Here’s what Paul S. Adler and Charles Heckscher say about it:
:Researchers who have studied the evolution of the popularity of various management techniques in management journals have consistently identified periods that alternate between a focus on employee commitment and a focus on managerial control:
1. Commitment, 1870s–1890s: welfare work.
2. Control, 1890s–1910s: scientific management.
3. Commitment, 1920–1940s: human relations.
4. Control, 1940s–1960s: systems rationalization.
5. Commitment, 1970–1990: employee involvement.
6. Control, 1990– : business process re-engineering and outsourcing.
The surface pattern is one of alternation; but closer examination reveals an underlying progression. Starting from a situation of ‘competitive capitalism’ and ‘simple control,’96 the sequence of commitment approaches aims successively deeper; the sequence of control approaches aims successively broader; and the latter have become increasingly hospitable to the former. First, relative to the commitment approaches, there is a clear shift from the earlier reliance on paternalism, to relatively impersonal, bureaucratic norms of procedural justice, to an emphasis on empowerment and mutual commitment, targeting progressively deeper forms of subjective involvement of the individual worker. And this sequence engaged progressively deeper layers of work organization: welfare work did not seek to modify the core of work organization; human relations addressed mainly supervision; employee involvement brought concern for commitment into the heart of work organization.
Second, the sequence of control innovations—from scientific management to systems rationalism to re-engineering—aims at successively broader spans of the value chain. Scientific management focuses on tasks and the flow of materials in the workshop. Systems rationalism aimed at a more comprehensive optimization of production and distribution activities. Re-engineering and outsourcing aimed at the rationalization of flows across as well as within firms.

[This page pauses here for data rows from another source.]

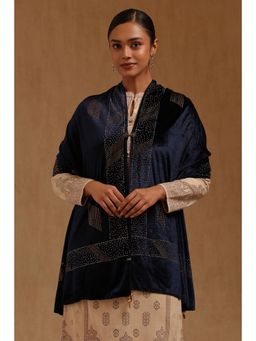 Soch - Womens Navy Blue Velvet Shawl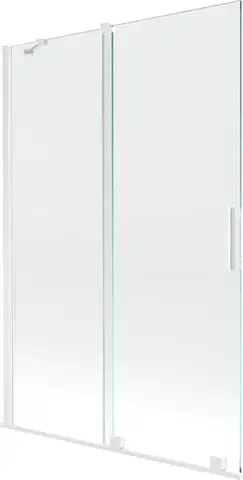 Sprchové dvere MEXEN/S - Velar Dvojkrídlová posuvná vaňová zástena 120 x 150, transparent, biela 896-120-000-01-20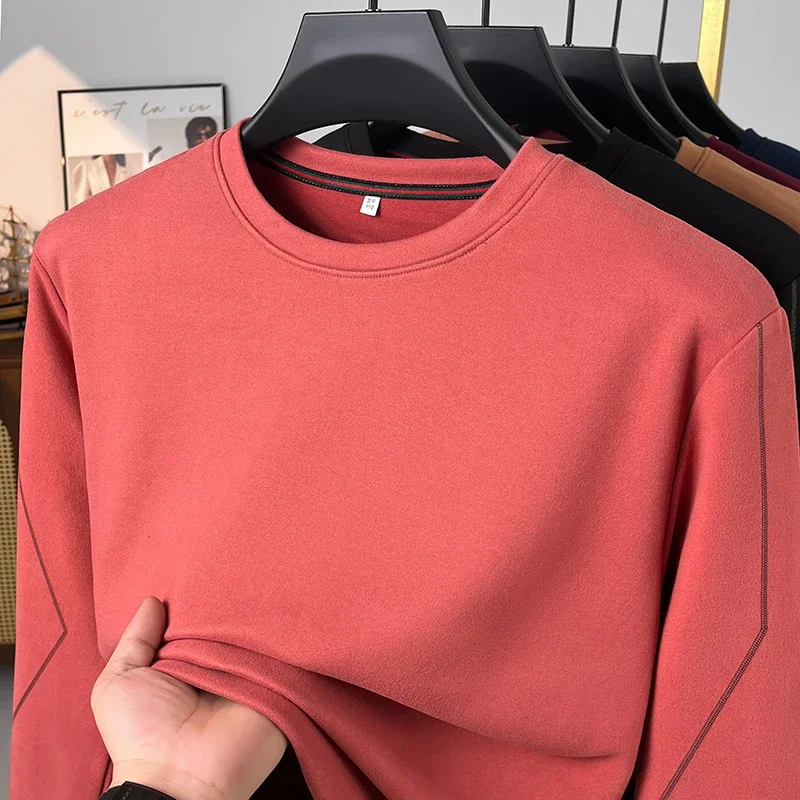 Male Loose Fit Crew Neck Long Sleeve Shirt Soft Thermal Knit Decorative Line On Sleeves Everyday Basic Wear view 5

Third, the relation between the commitment and control approaches seems to have changed: the control approaches seem to have become increasingly hospitable to commitment. Within two or three years of publishing a text popularizing a rather brutally coercive method of business process re-engineering, both James Champy and Michael Hammer published new volumes stressing the importance of the human factor and the need for job redesigns that afford employees greater autonomy. The undeniably autocratic character of much early re-engineering rhetoric and its rapid ‘softening’ compares favorably with more unilateral and enduring forms of domination expressed in post-war systems rationalism. It compares even more favorably with the even more unilateral and rigid rhetoric in turn-of-the-century scientific management: scientific management only softened its relations with organized labor after nearly two decades of confrontation.
The zigzag path of development in management technique appears to trace a vector that corresponds well to Marx’s notion of ‘socialization’: conscious control, and in particular in the form of collaborative community, characterizes progressively broader spans of activity.”